Recorded data =>
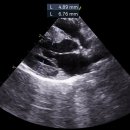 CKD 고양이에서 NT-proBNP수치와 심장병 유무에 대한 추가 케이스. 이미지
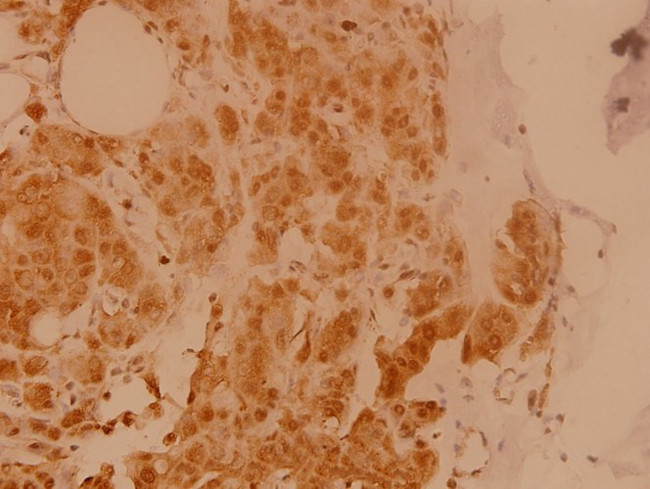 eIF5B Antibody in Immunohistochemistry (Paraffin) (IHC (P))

...

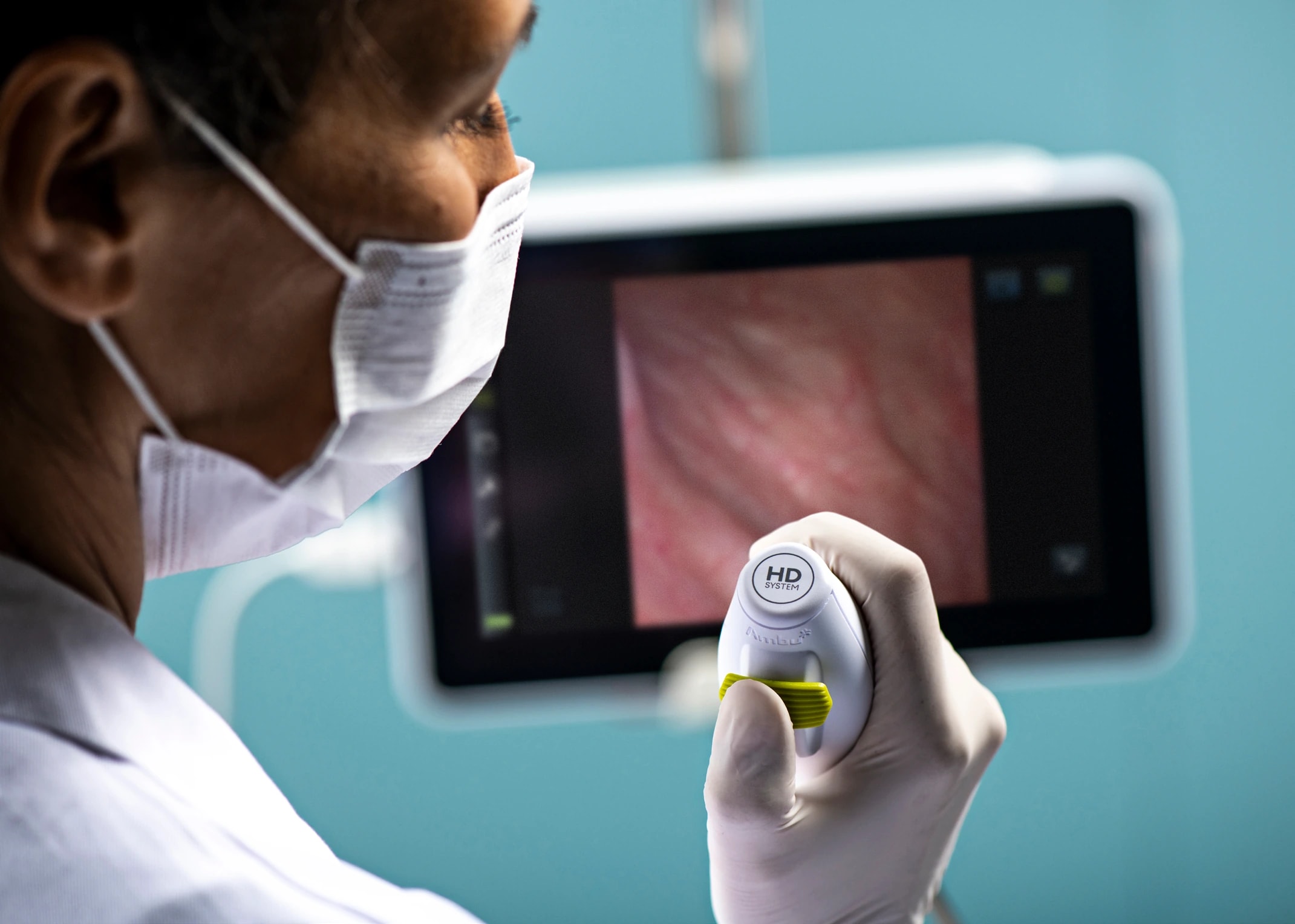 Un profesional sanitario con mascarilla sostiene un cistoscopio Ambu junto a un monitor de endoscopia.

Prompt =>
How would the lines above read from the one with "CKD 고양이에서 NT-proBNP수치와" to the one with "eIF5B Antibody in", inclusive, with no pictures? Write them out exactly.

Completed task =>
 CKD 고양이에서 NT-proBNP수치와 심장병 유무에 대한 추가 케이스. 이미지
 eIF5B Antibody in Immunohistochemistry (Paraffin) (IHC (P))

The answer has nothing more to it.